「とら食堂」から戻ってきて、美味しいコーヒーをいただいた後、2階にあるリスニングルームに一行は移動した。
そのリスニングルームには、数年ぶりに対面するアヴァンギャルド・デュオの姿があった。
アバンギャルド・デュオは、中高音域は二つのホーンが担当し、低音域はアクティブウーファーという構成の3ウェイスピーカーである。
巨大なホーンが何といっても印象的で、管楽器そのものを思わせる姿形をしている。
超高能率で、ホーンならではの音の開放感や浸透力が魅力のスピ-カーである。
班目さんのメインジャンルはジャズである。アバンギャルド・デュオが最も得意とするのもきっとジャズであろう。
ホーンのカラーは幾つかの色から選択できたようで、班目さんのデュオは、ディープブルーである。シックで精悍な色合いである。
駆動するアンプはMark LevinsonのNo.20.5が4台。こちらも硬派な面持ちで迫力満点である。天板を触ってみるとかなり熱い。

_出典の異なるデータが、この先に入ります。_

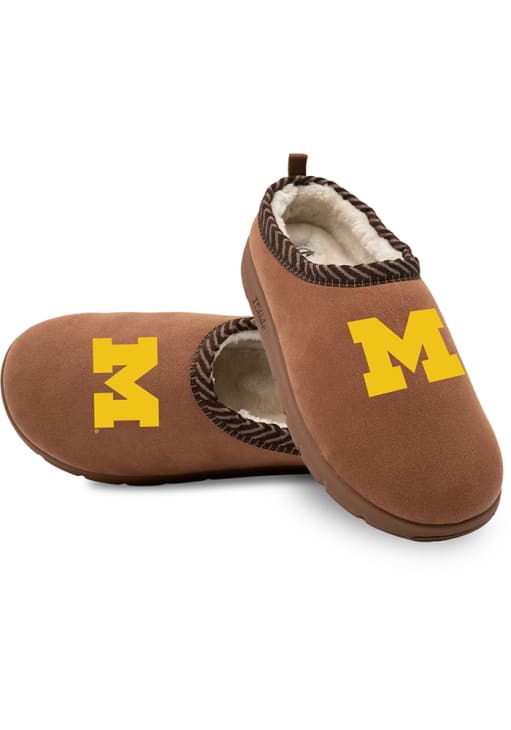 Michigan Wolverines BROWN Mission Mens Slippers - 6976446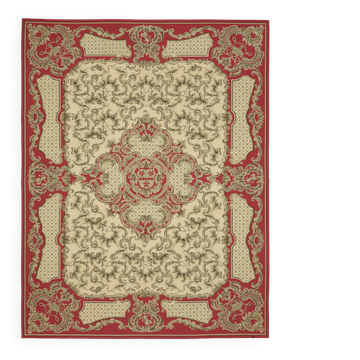 Handmade European Vintage Aubusson Kilim 273 cm x 354 cm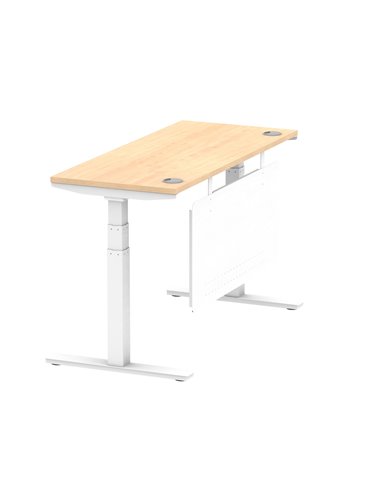 Dynamic Air Modesty 1400 x 600mm Height Adjustable Office Desk Maple Top Cable Ports Modesty Panel HA01394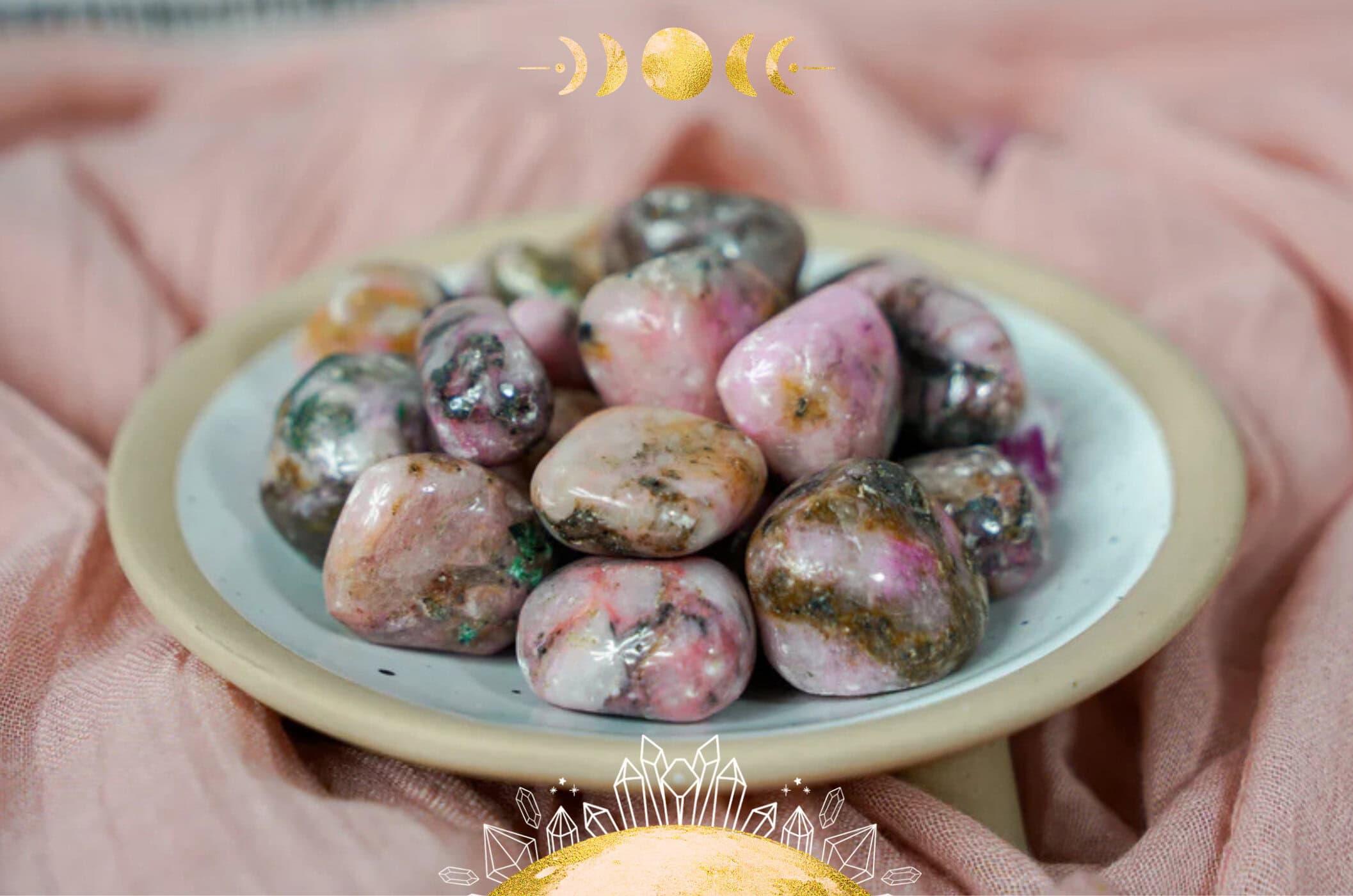 Tumbled Cobaltoan Calcite Crystals in a blue bowl on a pink cloth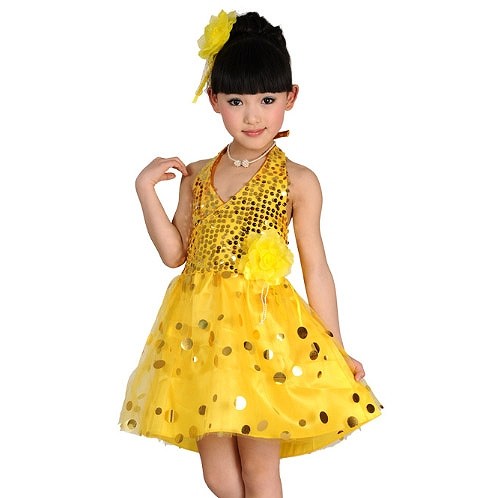 キッズ　ジュニア　子供服　競技ドレス　ワンピース　無地　スパンコール　チュチュ　膝上丈　ノースリーブ　ダンス　発表会　バレエ　タンゴ　ラテンダンス　ステージ　フィギュアスケート　イエロー　グリーン　レッド　ピンク　ブルー　送料無料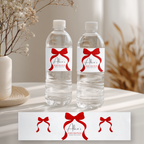 Red Bow Water Bottle Labels, Gender Neutral, Red Ribbon Baby Shower Label 9301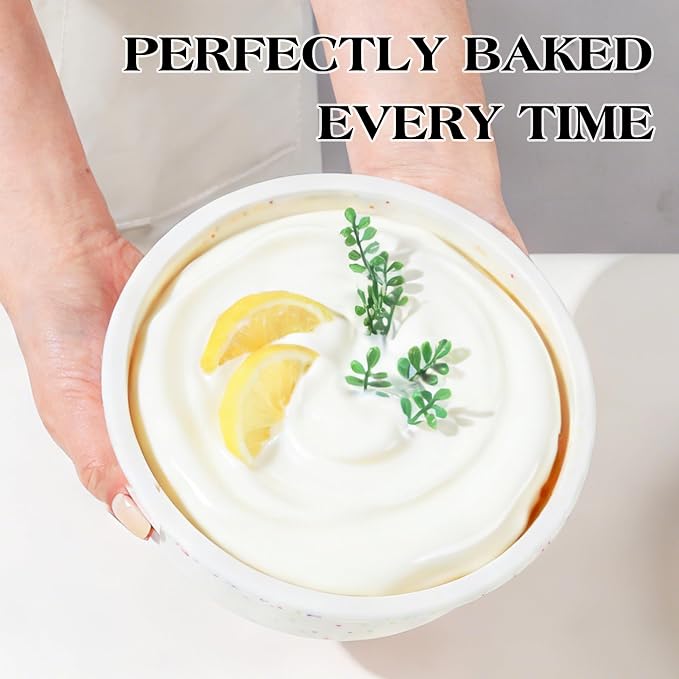 8 inch Silicone Round Cake Pans, Set of 2, Cream | Metal Reinforced Frame, Nonstick Cake Molds for Baking, BPA Free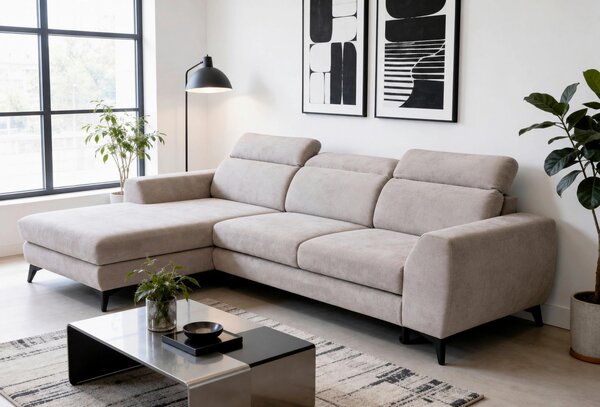 ROHOVÁ SEDAČKA, textil, béžová Livetastic - Sedací soupravy, Online Only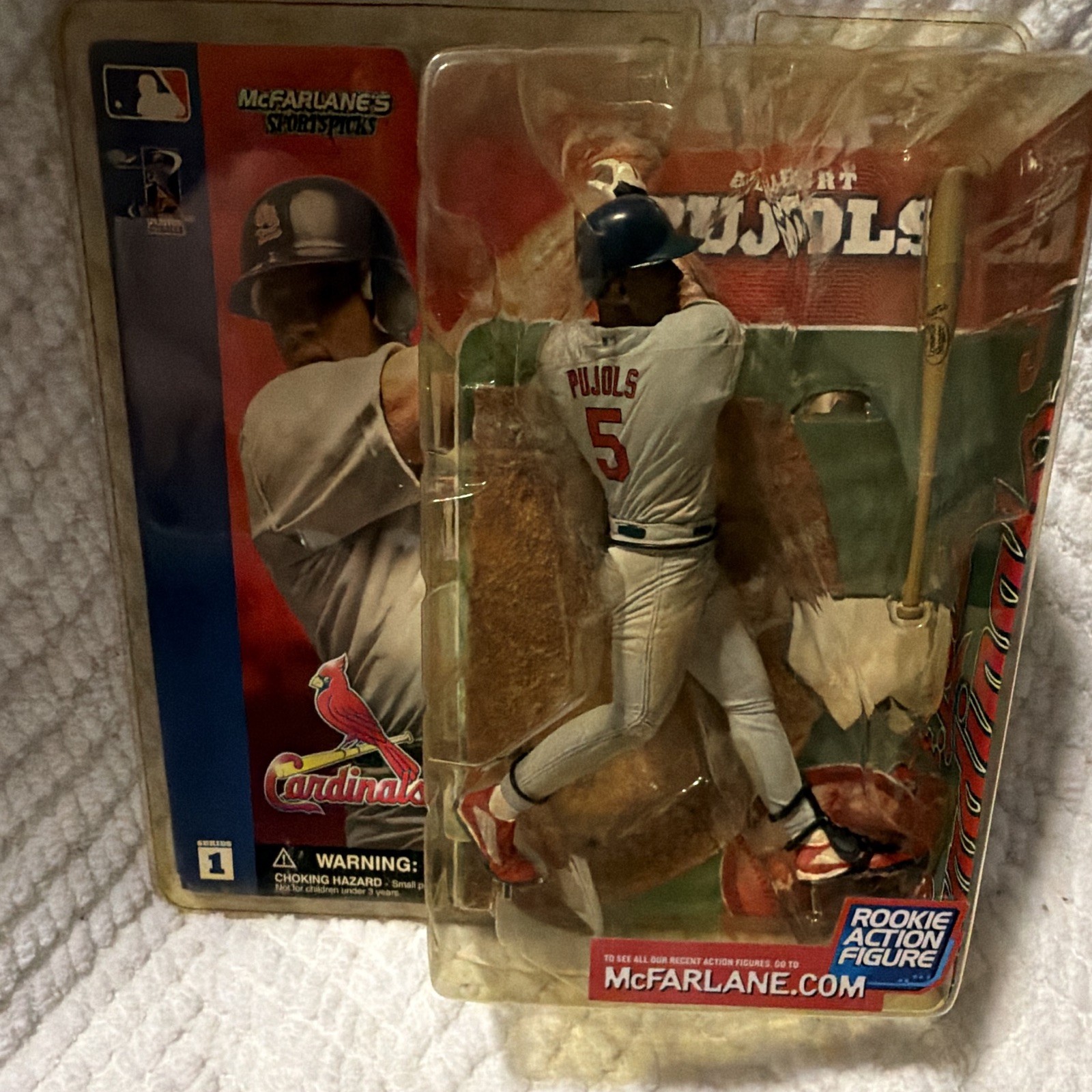 Modellino McFarlane Sports Picks Albert Pujols Rookie Cardinals + base pipistrello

プリアンプはOCTAVE HP-500。ドイツ製の高性能で武骨なプリアンプである。
送り出しは、CDプレーヤーがPlayback Designsの一体型。
レコードプレーヤーは、THORENSとPIONEERの2台。カートリッジはTHORENSにはシュアのMM型。PIONEERには光カートリッジが装着されていた。
メインジャンルであるジャズの楽曲を中心に、CDやレコードで多くの曲を次々に聴かせていただいた。
ゲストの5名は部屋に置かれたイージーチェアやソファに分散して座っているのであるが、聴く位置が随分と違う。曲が変わるたびに座る場所をローテーションしていって、聴く位置を変えた。
その座る位置によって当然音の聴こえも変わってくる。センター位置に座ると、シャープな音のがズバッと直球で投げこまれる感じである。剛腕のデュオから投げ込まれる球質は重く速い。受け取るミットに瞬間的にかかる衝撃は体にずんとくる感じであった。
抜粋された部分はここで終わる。